Si c’est oui, laquelle ?

Déroulement

Première heure

Sans autres connaissances et informations que celles qu’a chaque élève et la rapide projection des Unes de la semaine des journaux Le Soir et La Libre :

        1. 5′-10′ de réflexion personnelle avec possibilité de la rédiger sur une feuille ou d’écrire des mots/expressions-clés…
        2. Quelques minutes de mise en commun avec son voisin, sa voisine
        3. Un échange de 15′ en sous-groupe aléatoire de 4-5 élèves avec l’objectif de chercher une position commune
        4. Un porte-parole de chaque groupe informe la classe de ce que le groupe a produit

Rôle du professeur :

        • Présenter et organiser l’activité en faisant respecter le timing
        • Constituer aléatoirement les sous-groupes (méthode chaque élève en fonction de sa place reçoit un numéro de 1 à x qui sera celui de son groupe).
        • Ne pas donner de position personnelle, ne pas présenter d’information sur ce qui s’est passé (il serait inévitablement influencé par sa propre lecture des événements – cela viendra plus tard à partir d’articles ou de documents les plus strictement factuels et neutres possibles).
        • Reconnaître la légitimité démocratique d’avoir une position qui amène à « prendre parti » pour l’un ou l’autre, position qui peut être très radicale, et simplement indiquer que l’exercice cherche à voir si une position commune, malgré les divergences ou au-delà des divergences, malgré les partis pris ou au-delà des partis pris, est possible.
        • Identifier et signaler les possibles tentatives d’emprise sur le groupe pour faire passer « sa » position pour une position de tous.
        • Prendre note de la mise en commun (si c’est nécessaire parce que le temps de mise en commun est trop court pour une autre solution).

Deuxième heure (+ troisième heure selon le déroulement)

        1. 5′-10′ d’échange pour se remémorer ce qui s’est fait lors de l’heure de cours précédente + difficultés, frustrations, intérêt trouvé ou non…
        2. 5-10′ pour lister ce qui est sorti des sous-groupes et qui pourrait faire l’objet d’une approbation unanime.
        3. Invitation à proposer d’autres idées qui seraient venues par la suite et évaluation du consensus (accord unanime) qu’elle pourrait susciter.
        4. Examen de ce qui fait divergence et réflexion sur ce qui permettrait de dépasser les désaccords.
        5. Introduction de la notion d’attente, d’espoir, de désir (ce que l’on voudrait, espère, désir…)
        6. Si c’est possible, rédaction d’une position commune.
        7. En cours ou à la fin du travail, mise en commun de ce que les élèves ont comme informations sur ces événements, leur contexte, leur origine.

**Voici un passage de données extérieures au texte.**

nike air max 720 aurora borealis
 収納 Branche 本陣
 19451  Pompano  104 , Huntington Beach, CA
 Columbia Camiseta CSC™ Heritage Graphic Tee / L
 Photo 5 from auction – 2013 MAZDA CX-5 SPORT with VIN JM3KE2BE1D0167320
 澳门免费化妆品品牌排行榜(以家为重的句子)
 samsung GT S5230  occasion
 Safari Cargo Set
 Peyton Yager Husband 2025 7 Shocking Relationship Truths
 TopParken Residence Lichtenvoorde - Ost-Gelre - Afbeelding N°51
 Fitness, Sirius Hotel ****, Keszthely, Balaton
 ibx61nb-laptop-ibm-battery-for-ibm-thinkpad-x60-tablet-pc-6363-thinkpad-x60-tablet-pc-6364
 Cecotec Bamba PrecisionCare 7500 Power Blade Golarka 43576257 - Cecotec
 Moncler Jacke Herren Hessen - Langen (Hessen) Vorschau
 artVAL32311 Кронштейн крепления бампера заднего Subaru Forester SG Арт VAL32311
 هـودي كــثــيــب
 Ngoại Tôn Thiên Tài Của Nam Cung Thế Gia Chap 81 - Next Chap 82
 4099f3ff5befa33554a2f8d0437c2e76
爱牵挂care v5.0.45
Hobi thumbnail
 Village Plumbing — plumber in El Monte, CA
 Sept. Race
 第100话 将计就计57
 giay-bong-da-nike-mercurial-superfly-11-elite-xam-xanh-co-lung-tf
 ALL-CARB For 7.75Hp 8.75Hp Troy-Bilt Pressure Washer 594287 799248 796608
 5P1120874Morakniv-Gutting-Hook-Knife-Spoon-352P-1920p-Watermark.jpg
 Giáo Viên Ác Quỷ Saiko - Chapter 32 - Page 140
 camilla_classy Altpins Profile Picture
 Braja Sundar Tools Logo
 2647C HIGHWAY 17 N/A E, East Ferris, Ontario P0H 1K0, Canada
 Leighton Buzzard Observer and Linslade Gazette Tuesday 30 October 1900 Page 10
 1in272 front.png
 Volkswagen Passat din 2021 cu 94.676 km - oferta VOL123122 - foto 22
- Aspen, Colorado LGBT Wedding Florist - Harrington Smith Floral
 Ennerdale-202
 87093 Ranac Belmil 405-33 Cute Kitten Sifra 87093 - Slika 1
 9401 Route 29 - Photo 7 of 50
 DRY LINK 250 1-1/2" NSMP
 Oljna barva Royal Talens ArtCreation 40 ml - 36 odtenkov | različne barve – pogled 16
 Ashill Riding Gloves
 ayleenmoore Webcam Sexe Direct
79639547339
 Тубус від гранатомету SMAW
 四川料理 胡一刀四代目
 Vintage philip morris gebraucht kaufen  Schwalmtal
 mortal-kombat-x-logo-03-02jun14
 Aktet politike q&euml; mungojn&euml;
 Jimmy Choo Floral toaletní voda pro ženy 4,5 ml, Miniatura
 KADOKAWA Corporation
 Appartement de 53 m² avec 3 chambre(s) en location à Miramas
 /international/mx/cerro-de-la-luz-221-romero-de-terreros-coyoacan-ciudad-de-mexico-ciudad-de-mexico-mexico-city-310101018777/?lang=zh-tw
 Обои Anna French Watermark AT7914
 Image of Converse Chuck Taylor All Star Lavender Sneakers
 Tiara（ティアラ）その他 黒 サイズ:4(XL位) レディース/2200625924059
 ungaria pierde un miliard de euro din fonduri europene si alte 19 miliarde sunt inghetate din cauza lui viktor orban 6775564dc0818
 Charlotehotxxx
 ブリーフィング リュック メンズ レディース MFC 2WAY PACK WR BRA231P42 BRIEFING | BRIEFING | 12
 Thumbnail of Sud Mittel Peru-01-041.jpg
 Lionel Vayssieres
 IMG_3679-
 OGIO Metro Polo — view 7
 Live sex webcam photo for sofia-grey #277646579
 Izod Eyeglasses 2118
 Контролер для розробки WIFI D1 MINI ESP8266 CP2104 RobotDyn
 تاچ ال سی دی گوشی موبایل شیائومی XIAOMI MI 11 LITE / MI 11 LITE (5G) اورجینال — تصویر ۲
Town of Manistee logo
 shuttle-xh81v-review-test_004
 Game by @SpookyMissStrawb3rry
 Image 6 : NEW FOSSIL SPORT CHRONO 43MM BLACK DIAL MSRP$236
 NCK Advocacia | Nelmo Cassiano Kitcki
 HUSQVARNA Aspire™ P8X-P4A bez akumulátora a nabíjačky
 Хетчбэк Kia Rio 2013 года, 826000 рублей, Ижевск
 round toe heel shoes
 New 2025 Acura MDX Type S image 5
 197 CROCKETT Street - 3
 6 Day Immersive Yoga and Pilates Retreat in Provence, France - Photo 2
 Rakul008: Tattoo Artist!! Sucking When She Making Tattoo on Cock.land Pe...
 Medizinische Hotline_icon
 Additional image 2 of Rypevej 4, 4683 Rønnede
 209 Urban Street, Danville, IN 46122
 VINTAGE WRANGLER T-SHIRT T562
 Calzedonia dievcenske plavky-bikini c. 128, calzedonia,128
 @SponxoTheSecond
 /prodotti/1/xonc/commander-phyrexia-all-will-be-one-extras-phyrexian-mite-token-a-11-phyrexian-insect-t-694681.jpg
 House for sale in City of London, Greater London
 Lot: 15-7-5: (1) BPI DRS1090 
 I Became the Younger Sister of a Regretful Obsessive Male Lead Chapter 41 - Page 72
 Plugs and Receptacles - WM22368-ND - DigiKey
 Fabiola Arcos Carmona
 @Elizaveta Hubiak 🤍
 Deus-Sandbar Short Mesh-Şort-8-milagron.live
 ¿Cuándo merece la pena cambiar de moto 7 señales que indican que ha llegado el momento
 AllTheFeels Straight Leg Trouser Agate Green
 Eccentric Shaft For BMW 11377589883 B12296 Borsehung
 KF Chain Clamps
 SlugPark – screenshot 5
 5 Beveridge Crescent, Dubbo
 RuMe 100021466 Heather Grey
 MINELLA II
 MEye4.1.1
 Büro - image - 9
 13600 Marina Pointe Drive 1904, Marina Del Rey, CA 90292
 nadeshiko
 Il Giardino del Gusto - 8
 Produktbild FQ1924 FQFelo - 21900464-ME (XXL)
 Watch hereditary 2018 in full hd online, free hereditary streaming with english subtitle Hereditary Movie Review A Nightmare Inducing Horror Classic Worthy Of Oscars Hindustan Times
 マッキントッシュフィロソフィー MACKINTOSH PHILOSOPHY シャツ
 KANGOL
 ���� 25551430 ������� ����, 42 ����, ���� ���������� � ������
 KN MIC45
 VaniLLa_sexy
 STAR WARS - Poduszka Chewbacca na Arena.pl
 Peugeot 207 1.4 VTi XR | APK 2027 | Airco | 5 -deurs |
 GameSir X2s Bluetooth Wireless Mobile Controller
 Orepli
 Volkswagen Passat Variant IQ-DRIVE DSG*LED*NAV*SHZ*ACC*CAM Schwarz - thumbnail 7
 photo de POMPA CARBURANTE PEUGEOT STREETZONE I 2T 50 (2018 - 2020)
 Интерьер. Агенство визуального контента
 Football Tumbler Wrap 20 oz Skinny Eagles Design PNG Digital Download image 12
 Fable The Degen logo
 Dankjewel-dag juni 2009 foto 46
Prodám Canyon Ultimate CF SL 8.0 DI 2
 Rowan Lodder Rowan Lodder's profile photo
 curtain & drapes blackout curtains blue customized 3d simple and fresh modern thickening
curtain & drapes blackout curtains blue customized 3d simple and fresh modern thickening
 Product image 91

À chaque fois la source des informations proposées est explicitée.
        8. Un article du journal La Croix a été trouvé par le professeur qui lui semble sérieux et factuel : Afficher et télécharger l’articleVersion avec police de caractère et interlignes plus grands – Il le fournit aux élèves.
        9. Évaluation du parcours et possibilité de le reprendre pour améliorer la position commune.

Pour élargir : audition d’une interview du photojournaliste Don McCullin et autres pistes

      • Lors d’une interview sur la radio France Inter, Don McCullin évoque le conflit israélo-palestinien et plus généralement son activité de photojournaliste couvrant des guerres, le rôle de la communauté internationale et le fait que c’est une profession dont le cerveau ne sort pas indemne. Cliquez ici
      • Autres élargissements possibles :
        • évocation des diverses positions existantes sur ce conflit, notamment en Europe,
        • conséquences néfastes dans nos sociétés (des tensions entre différents groupes, parfois un lien avec certains actes terroristes…),
        • informations et repères factuels sur des notions de droit international, de justice internationale, de crime de guerre, de crime contre l’humanité…
        • Faire mémoire de divers traumatismes historiques  : le conflit occidentalo-arabe depuis le moyen-âge, l’antisémitisme, la Shoah (la « catastrophe » de la tentative d’extermination du peuple juif par les nazis), la Nakba (l e « désastre » de l’exode palestinien depuis 1948, date de la création de l’État d’Israël), colonisation/décolonisation…
        • la notion de « décence commune » ou « décence ordinaire » (1), proposée par George Orwell (La Ferme des animaux sera lue plus tard dans l’année scolaire)

Remarques :

Le professeur s’efforce de rester le plus neutre possible au long du processus  en reconnaissant le droit démocratique de prendre parti, même radicalement.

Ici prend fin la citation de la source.